Pope Julius II (1443 – 1513) was head of the Roman Catholic Church and ruler of the Papal States from 1503 to his death in 1513.
Nicknamed the Warrior Pope or the Fearsome Pope, he chose his papal name not in honour of Pope Julius I but in emulation of Julius Caesar.
One of the most powerful and influential popes, Julius II was a central figure of the High Renaissance and left a significant mark in world history.
Julius II became Pope in the context of the Italian Wars, a period in which the major powers of Europe fought for primacy in the Italian peninsula. Louis XII of France controlled the Duchy of Milan, previously held by the Sforza, and French influence had replaced that of the Medici in the Republic of Florence. The Kingdom of Naples was under Spanish rule, and the Borja family from Spain was a major political faction in the Papal States following the reign of Alexander VI. The Archduke of Austria Maximilian I was hostile to France and Venice, and desired to descend in Italy in order to obtain the Papal coronation as Holy Roman Emperor. The conclave capitulation preceding his election included several terms, such as the opening of an ecumenical council and the organisation of a crusade against the Ottoman Turks. Once crowned, Julius II proclaimed instead his goal to centralise the Papal States and “free Italy from the barbarians”.
In his early years as Pope, Julius II removed the Borjas from power and exiled them to Spain. Cesare Borgia, Duke of Romagna, shared the same fate and lost his possessions. In 1506, Julius II initiated the rebuilding of the St. Peter’s Basilica and established the renowned Swiss Guards for his personal protection. The same year he ratified the Treaty of Tordesillas, establishing the first bishoprics in the Americas and beginning the catholicisation of Latin America, and commanded a successful campaign in Romagna against the lords of Bologna and Perugia. In 1508, Julius II commissioned the Raphael Rooms and Michelangelo’s paintings in the Sistine Chapel. He also joined an anti-Venetian league formed in Cambrai between France, Spain, and Austria, with the goal of capturing the coast of Romagna, including Rimini and Faenza, from the Venetian Republic. Having achieved this goal, he formed an anti-French “Holy League” with Venice following the defeat of the latter at the Battle of Agnadello.

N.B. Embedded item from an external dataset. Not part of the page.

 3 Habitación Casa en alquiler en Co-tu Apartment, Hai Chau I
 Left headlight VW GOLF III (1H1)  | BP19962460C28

His main goal was now again to “kick the barbarians out”. Julius II brought Spain into the alliance, declaring Naples a papal fief and promising the catholic Ferdinand of Spain a formal investiture. Having previously recognised Maximilian as Holy Roman Emperor, by declaring that the Imperial election was sufficient to use the title of Emperor without Papal coronation, he later obtained Habsburg support against France as well. Julius II personally led the Papal armed forces at the victorious Battle of Mirandola and, despite subsequent defeats and great losses at the Battle of Ravenna, he ultimately forced the French troops of Louis XII to retreat behind the Alps after the arrival of Swiss mercenaries from the Holy Roman Empire.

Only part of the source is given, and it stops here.